Skocz do zawartości
Polski Portal Literacki

smutek na koński łeb, co spadł


Rekomendowane odpowiedzi

Mężczyzna oprowadza konia po polach.
Mówi: spójrz, tutaj życie całe pracowałeś,
w pocie końskiego czoła, w znoju i w trudzie.
Niekiedy dniami bez ustanku,
noc kopytem trącając by chwilę snu zesłała.
Bat był Ci nagrodą, wędzidło zachętą.
Bruzdy ziemi kilometrami mierząc,
niczym słońce po firmamencie wciąż na nowo.
Niezmierzonymi dla Ciebie pozostały.

Teraz grzywę masz siwą, nie na znak mądrości,
a na starości znamię.
Nikogo nie cieszy już stukot Twoich kopyt,
grzbiet zbyt kościsty by go siodłać.
Bywaj zdrów- jakby konia pogłaskał.

A koń tylko łeb spuścił.

Odnośnik do komentarza
Udostępnij na innych stronach

pierniczku:)
podobało mi się wszystko, wszystko, ja się cieszyłam jak dzieciak, że o koniku, ale później się zawiodłam, przy końcówce, bo ja czułam tam jakąś tajmeniczą siłę, jakąś tajemnicę, no ale nic, może i dobrze, takie życie, taka natura w całej swojej postaci, język przypadł mi do gustu, ciekawa stylizacja;)
p.s ale nie powinno tam być czasem gnoju? a nie znoju?
pozdrawiam serdecznie
Reginka

Odnośnik do komentarza
Udostępnij na innych stronach

małe techniczne zastrzeżenia:
w pocie końskiego czoła, w znoju i w trudzie. -->jedno "w" wyrzucić: w znoju i trudzie (chyba lepiej?)
Bruzdy ziemi kilometrami mierząc,
niczym słońce po firmamencie wciąż na nowo.
Niezmierzonymi dla Ciebie pozostały.
--> i tutaj chyba czegoś brakuje...co pozostało dla niego niezmierzone? niejasne to dla mnie...
Bywaj zdrów- jakby konia pogłaskał. --> jakby?
no i "ciebie" z wielkiej?
ale to są drobiazgi - przejmujący tekst

pozdrawiam

Odnośnik do komentarza
Udostępnij na innych stronach

Dzien dobry!
Serdeczne dzieki za wglad.
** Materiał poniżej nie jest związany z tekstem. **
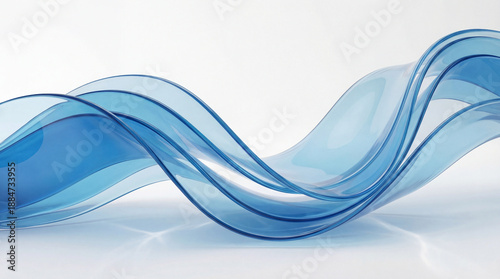 Flowing Blue Glass Ribbons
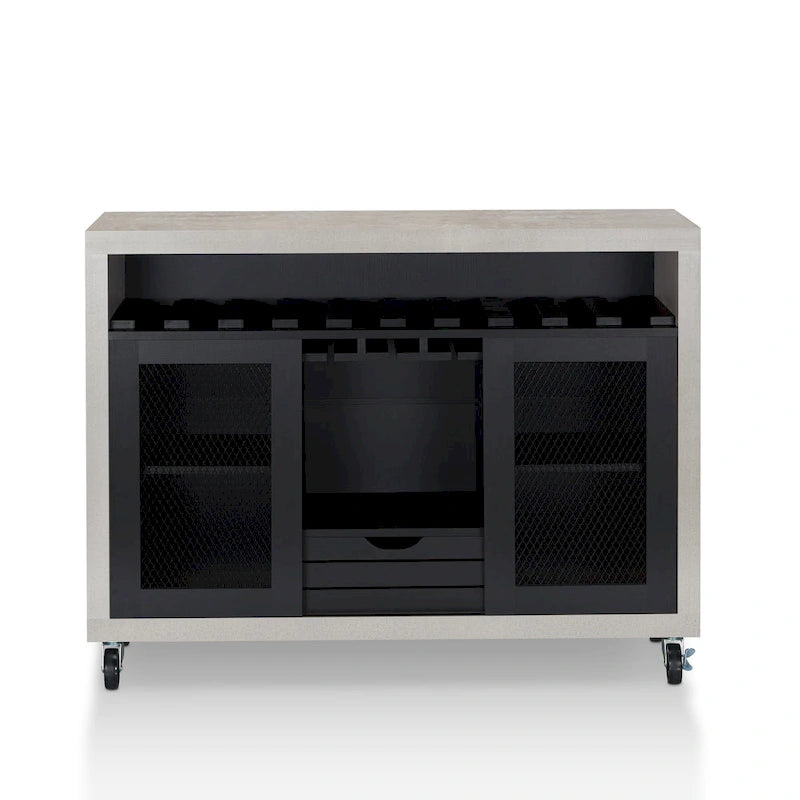Cassettiera buffet contemporanea a 4 ripiani su ruote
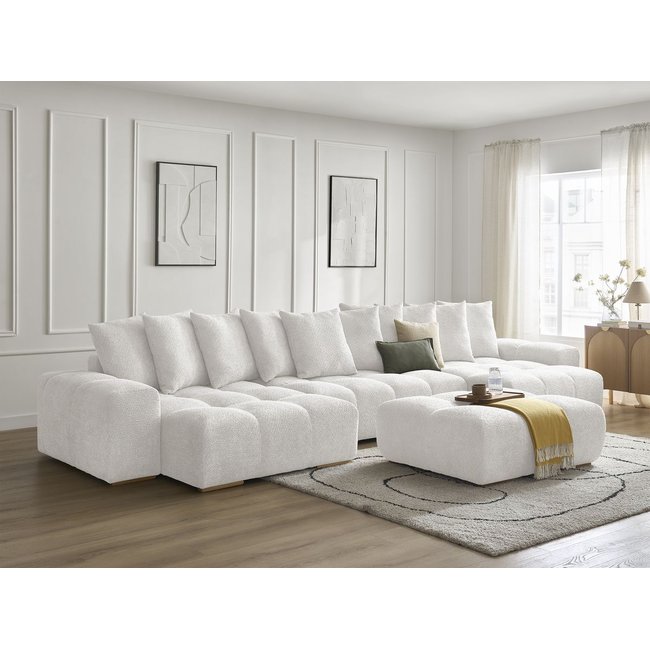 Canapé panoramique fixe 7 places en tissu bouclette avec pouf, ANAKIN - BOBOCHIC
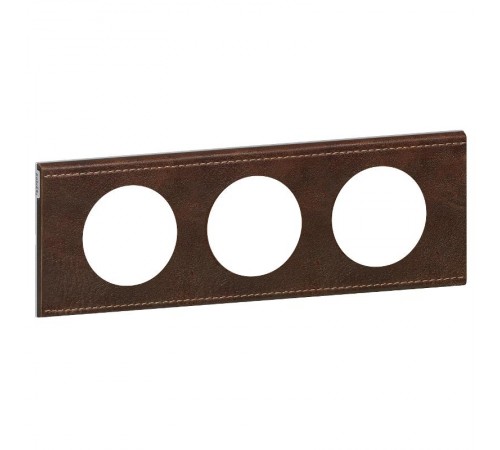 Celiane Коричневая текстурная кожа Рамка 3-я (2+2+2 мод)  069403  Legrand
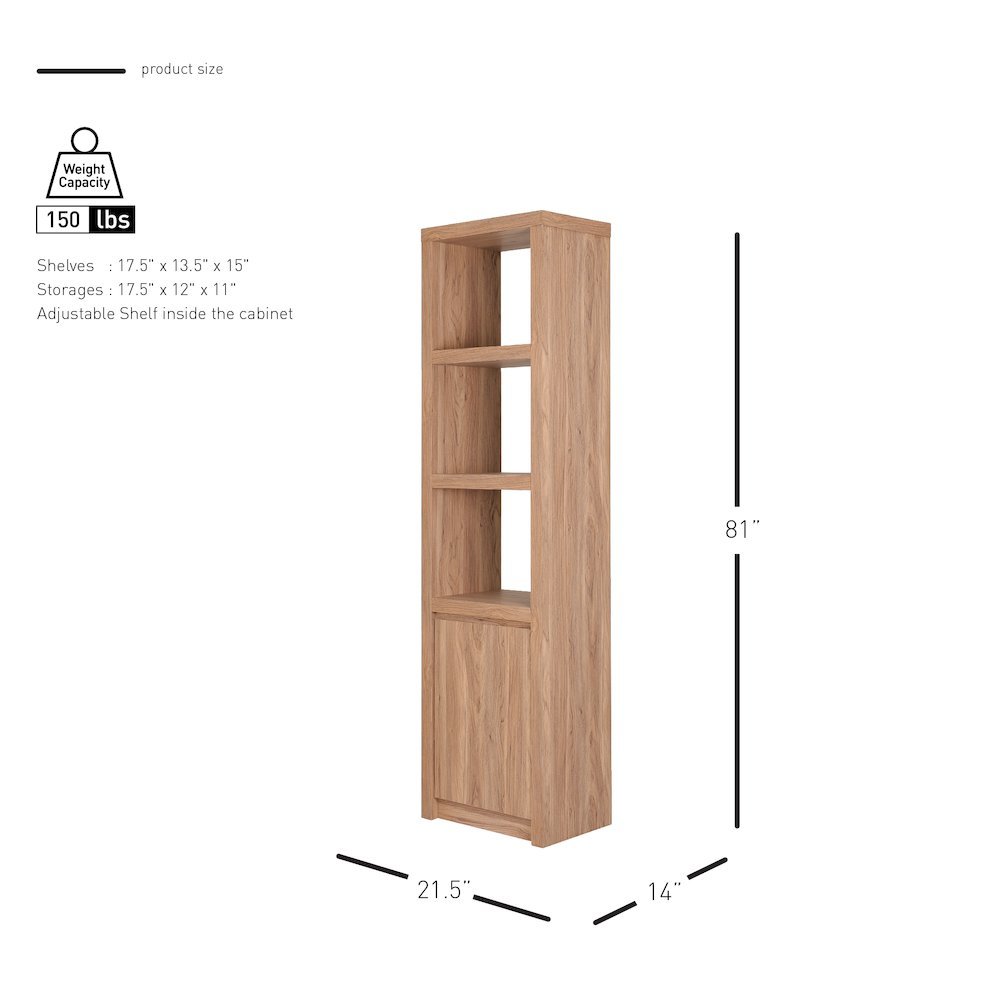 Larson Bookshelf with Cabinet - Terra Oak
Kolejny raz po przerwie, a przyjęcie milusie.
- w gnoju- to byloby jednak zbyt wulgarne
- dwa "w" mimo wszystko na moj gust pasuja, bardziej dobitne (?)
- niezmierzone- fakt, troszke niejasne, ale odnosi sie to do niezliczonych kilometrow, bruzd, ktore ow kon pokonywal
- Ciebie- uosabiam
- jakby- pozory, pozory, pozory
- żywiciela wyrzucilem:)

Na koniec dodam tylko, ze napisalem ten utworek pod wplywem wydarzen, ktore faktycznie mialy miejsce. Kon oddany zostal do rzezni. Bo stary.
papa

Odnośnik do komentarza
Udostępnij na innych stronach

Jeśli chcesz dodać odpowiedź, zaloguj się lub zarejestruj nowe konto

Jedynie zarejestrowani użytkownicy mogą komentować zawartość tej strony.

Zarejestruj nowe konto

Załóż nowe konto. To bardzo proste!

Zarejestruj się

Zaloguj się

Posiadasz już konto? Zaloguj się poniżej.

Zaloguj się


×
×
  • Dodaj nową pozycję...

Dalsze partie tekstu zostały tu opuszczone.